[Image-caption web data]
--- START ---
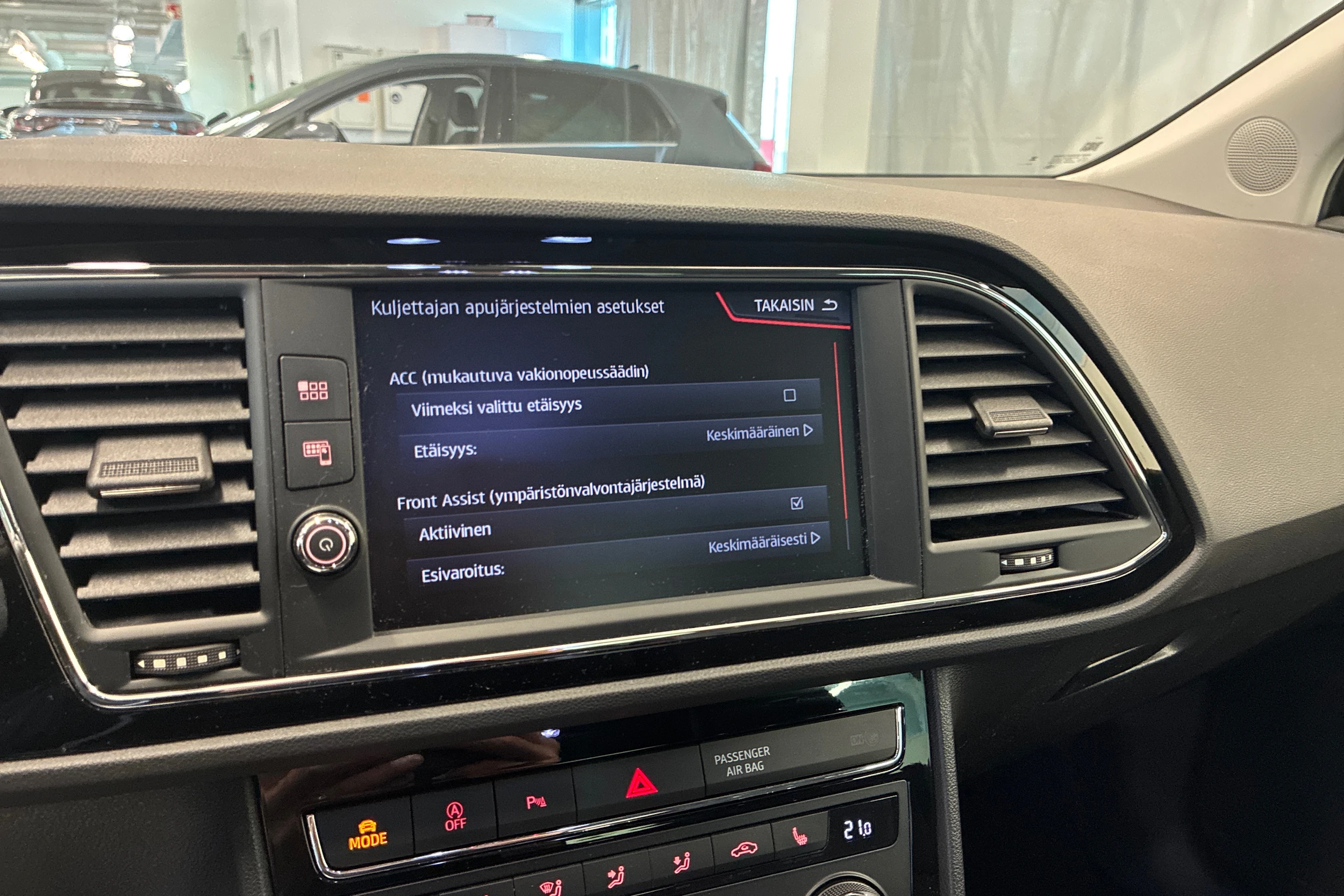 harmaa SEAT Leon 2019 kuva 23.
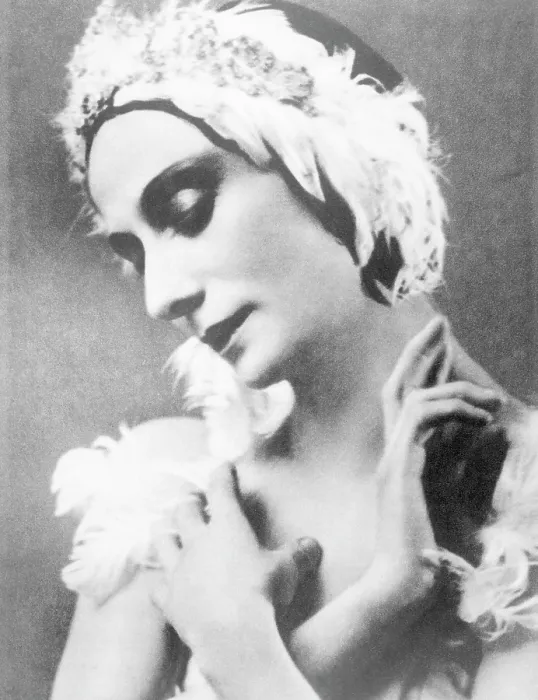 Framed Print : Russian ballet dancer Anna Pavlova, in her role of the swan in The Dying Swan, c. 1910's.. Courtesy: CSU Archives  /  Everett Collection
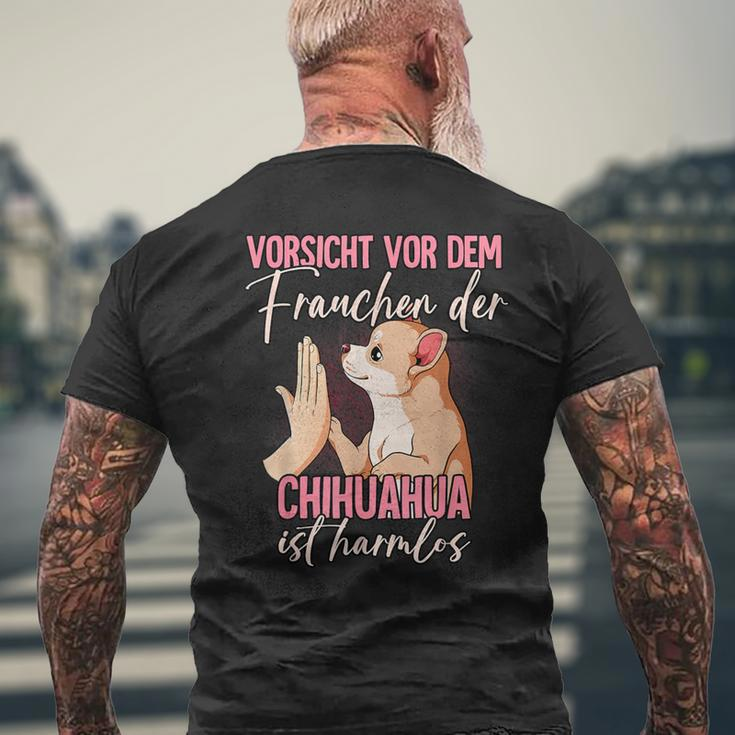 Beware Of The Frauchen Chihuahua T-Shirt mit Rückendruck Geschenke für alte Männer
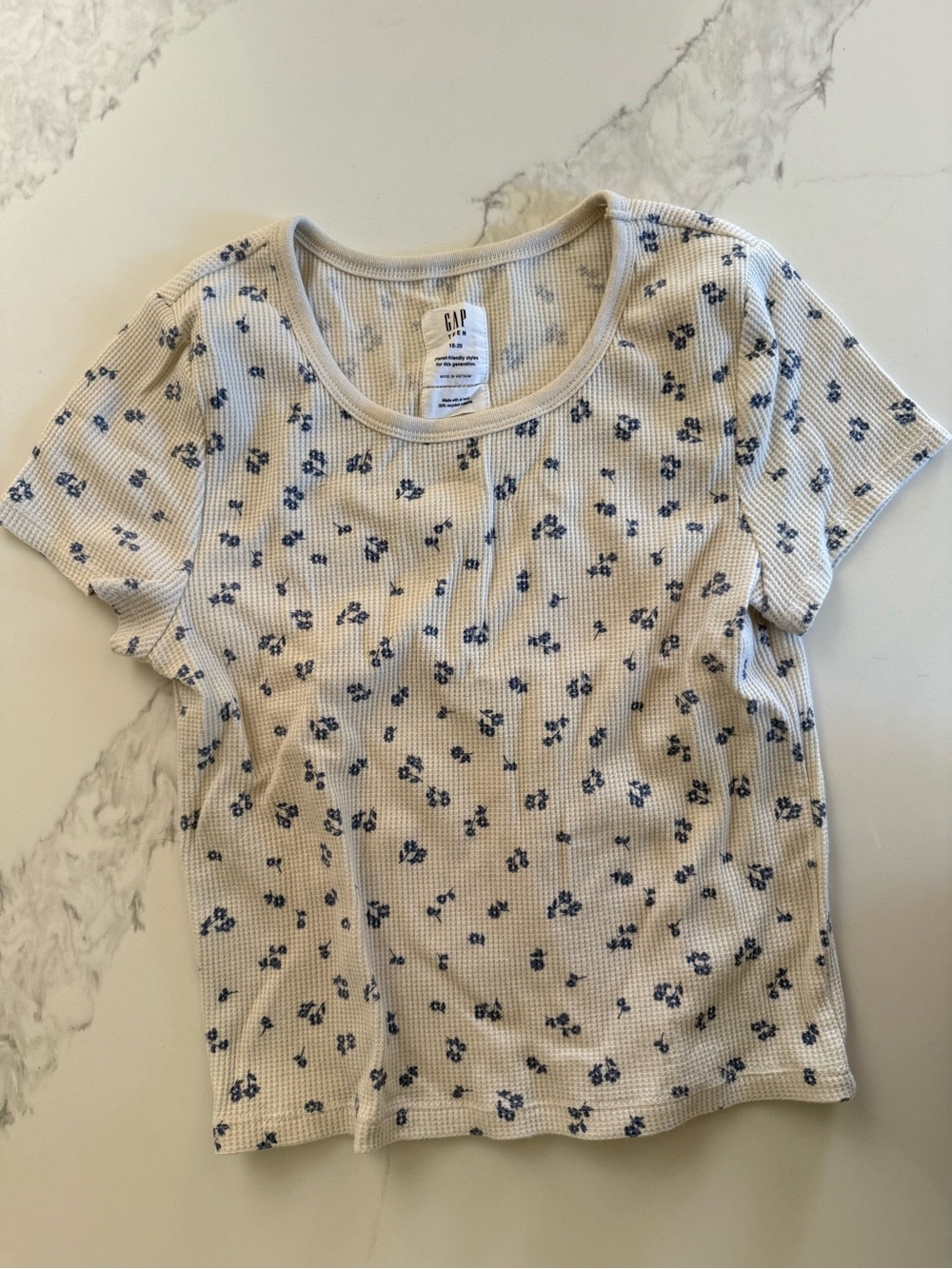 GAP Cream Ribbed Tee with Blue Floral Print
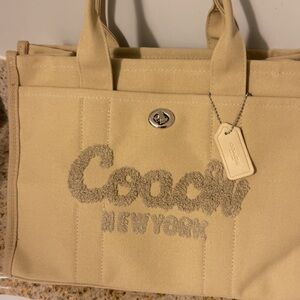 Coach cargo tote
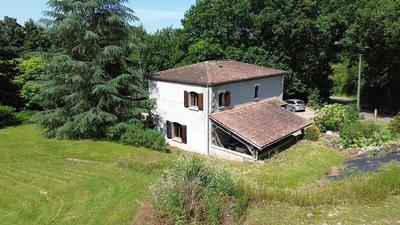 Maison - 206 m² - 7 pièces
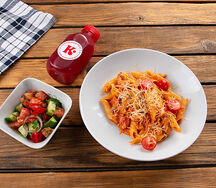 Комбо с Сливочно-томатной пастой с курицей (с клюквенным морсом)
--- END ---
Set the records down again exactly, with no pictures.

_Exercise response_
 harmaa SEAT Leon 2019 kuva 23.
 Framed Print : Russian ballet dancer Anna Pavlova, in her role of the swan in The Dying Swan, c. 1910's.. Courtesy: CSU Archives  /  Everett Collection
 Beware Of The Frauchen Chihuahua T-Shirt mit Rückendruck Geschenke für alte Männer
 GAP Cream Ribbed Tee with Blue Floral Print
 Coach cargo tote
 Maison - 206 m² - 7 pièces
 Комбо с Сливочно-томатной пастой с курицей (с клюквенным морсом)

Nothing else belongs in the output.